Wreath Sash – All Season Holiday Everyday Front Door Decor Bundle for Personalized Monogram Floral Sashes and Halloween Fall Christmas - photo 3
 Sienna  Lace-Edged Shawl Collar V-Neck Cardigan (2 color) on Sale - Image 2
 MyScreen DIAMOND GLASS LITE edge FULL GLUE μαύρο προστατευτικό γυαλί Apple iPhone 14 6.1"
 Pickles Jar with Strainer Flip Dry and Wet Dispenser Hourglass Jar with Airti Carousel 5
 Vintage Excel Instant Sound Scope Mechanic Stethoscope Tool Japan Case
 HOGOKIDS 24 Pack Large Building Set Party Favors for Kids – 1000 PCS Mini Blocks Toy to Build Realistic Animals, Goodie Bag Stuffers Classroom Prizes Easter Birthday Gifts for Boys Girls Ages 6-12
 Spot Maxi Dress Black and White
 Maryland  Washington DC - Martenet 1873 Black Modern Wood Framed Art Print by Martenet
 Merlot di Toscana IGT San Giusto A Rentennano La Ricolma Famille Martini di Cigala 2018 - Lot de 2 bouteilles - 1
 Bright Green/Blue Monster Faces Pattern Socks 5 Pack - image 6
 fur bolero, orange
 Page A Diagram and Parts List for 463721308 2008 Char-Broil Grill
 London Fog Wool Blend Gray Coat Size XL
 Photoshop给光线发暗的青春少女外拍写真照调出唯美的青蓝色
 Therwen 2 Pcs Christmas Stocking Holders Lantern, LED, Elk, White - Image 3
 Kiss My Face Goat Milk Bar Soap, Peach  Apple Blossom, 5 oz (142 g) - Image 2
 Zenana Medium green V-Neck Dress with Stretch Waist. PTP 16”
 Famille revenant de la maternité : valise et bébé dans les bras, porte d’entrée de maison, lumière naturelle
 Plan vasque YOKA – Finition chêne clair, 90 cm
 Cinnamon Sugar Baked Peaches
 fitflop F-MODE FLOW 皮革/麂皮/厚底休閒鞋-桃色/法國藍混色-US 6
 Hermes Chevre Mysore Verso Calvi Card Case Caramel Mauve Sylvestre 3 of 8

*Task item*. The records are to be retyped exactly. No line may be skipped.

*Answer to the exercise*.
Wreath Sash – All Season Holiday Everyday Front Door Decor Bundle for Personalized Monogram Floral Sashes and Halloween Fall Christmas - photo 3
 Sienna  Lace-Edged Shawl Collar V-Neck Cardigan (2 color) on Sale - Image 2
 MyScreen DIAMOND GLASS LITE edge FULL GLUE μαύρο προστατευτικό γυαλί Apple iPhone 14 6.1"
 Pickles Jar with Strainer Flip Dry and Wet Dispenser Hourglass Jar with Airti Carousel 5
 Vintage Excel Instant Sound Scope Mechanic Stethoscope Tool Japan Case
 HOGOKIDS 24 Pack Large Building Set Party Favors for Kids – 1000 PCS Mini Blocks Toy to Build Realistic Animals, Goodie Bag Stuffers Classroom Prizes Easter Birthday Gifts for Boys Girls Ages 6-12
 Spot Maxi Dress Black and White
 Maryland  Washington DC - Martenet 1873 Black Modern Wood Framed Art Print by Martenet
 Merlot di Toscana IGT San Giusto A Rentennano La Ricolma Famille Martini di Cigala 2018 - Lot de 2 bouteilles - 1
 Bright Green/Blue Monster Faces Pattern Socks 5 Pack - image 6
 fur bolero, orange
 Page A Diagram and Parts List for 463721308 2008 Char-Broil Grill
 London Fog Wool Blend Gray Coat Size XL
 Photoshop给光线发暗的青春少女外拍写真照调出唯美的青蓝色
 Therwen 2 Pcs Christmas Stocking Holders Lantern, LED, Elk, White - Image 3
 Kiss My Face Goat Milk Bar Soap, Peach  Apple Blossom, 5 oz (142 g) - Image 2
 Zenana Medium green V-Neck Dress with Stretch Waist. PTP 16”
 Famille revenant de la maternité : valise et bébé dans les bras, porte d’entrée de maison, lumière naturelle
 Plan vasque YOKA – Finition chêne clair, 90 cm
 Cinnamon Sugar Baked Peaches
 fitflop F-MODE FLOW 皮革/麂皮/厚底休閒鞋-桃色/法國藍混色-US 6
 Hermes Chevre Mysore Verso Calvi Card Case Caramel Mauve Sylvestre 3 of 8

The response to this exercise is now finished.